Do you reckon 15ftx3ftx5ft (lxdxh) will house a pair+, an indoor enclosure that will be...
Also will be let out evryday, around the house etc...
But that would be the max size set-up i could have in the house i reckon...And i dont know if i would be aloud one outside.


----------



## WeThePeople (Jul 8, 2007)

Are you sure you know what you want? Meercats and Bengals in the same thread - they are two very different critters :lolsign:

Meercats might not need as much room as you would think, Appleton Exotics breed them and the cage they are kept in isnt that big tbh, if you look at the rotating picture on their main page, the vivs in the middle of the shop are where they are kept.

Appleton Exotics


----------



## snakelover (Dec 17, 2006)

what do you think a minimum would be as the viv i said would have to be the max...what size vivs are the ones at appleton kept in? approx...?


----------



## Montage_Morphs (Jul 6, 2007)

sparkle said:


> I have a cross bengal kitten he is amazing...


Hes a fliping nutcase!


----------



## Mez (Feb 19, 2007)

i dont think meerkats belong in vivs, dude.
Indoor enclosures with outside space i believe..


----------



## SuperTed (Apr 19, 2007)

LOL dude a viv?


----------



## PendleHog (Dec 21, 2005)

If you want a house pet buy a SINGLE hand tame (NOT hand associated) meercat, preferably as a youngster. I wouldnt advise keeping 2 in the house and I certainly cant condone keeping then in a viv. If you would like a furry "viv" pet look into short tailed opossums or perhaps dwarf mongoose if you can afford the hefty price tag.

Meercats are very dominant animals that will constantly attempt to become "top dog". They also play rough, even after they have accepted you as the "pack leader" and a tame, friendly house meercat is the exception to the rule. Personally I also think they stink, and I keep a skunk! :Na_Na_Na_Na:

I really think you need to consider this more, bengal to meercat to wild cat and back in just a few days? This does not show the sort of commitment any exotic requires! I understand that you are still evaluating your options, but your best bet is to talk to people who have kept the animals, not "heard it on the grapevine".

You cannot repeat cannot keep a pair of meetcats in a viv indefinately.. I dont care what anyone else does it is horrifically unfair to them.

Take a look at this thread on livefoods: Meerkats - Livefood UK Forum for an idea of how to set up an outdoor meercat enclosure and also contact Marie (glidergirl on here) if you are seriously considering some.

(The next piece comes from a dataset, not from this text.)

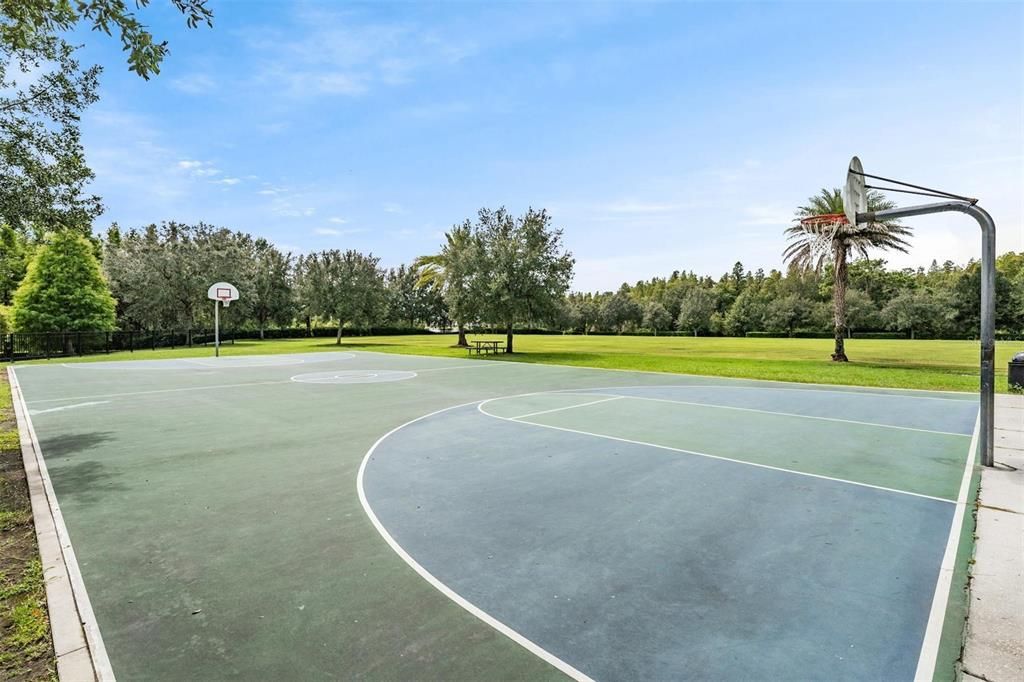 For Sale: $515,000 (5 beds, 3 baths, 3073 Square Feet)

Marie and her partner have kept mongoose both indoors and outdoors - you can't beat talking to actual keepers!


----------



## snakelover (Dec 17, 2006)

Yer i read that, i didnt mean a "vivarium" i meant a indoor enclousre, like a walk in... but i dont know if i could get a outdoor enclosure...I will not be keeping any exotic in a "viv" but a indoor enclosure.Short Tail Opposums stay kinda small dont they?
And Dwarf Monngoose and Normal Mongoose, ho much do these go for.
Can i just say i haven't decided im getting a Meerkat in June next year, all i am doing is looking at exotic mammals that i like...then if i like them enough that i would like to own one i will do abit of reaserch, still think i want one more reaserch etc...I have actualy sent a meerkat breeder 2 emails on the.....28th and 29th...no reply yet. I have also emailed a shop on the 28th-29th and they replyed with some info.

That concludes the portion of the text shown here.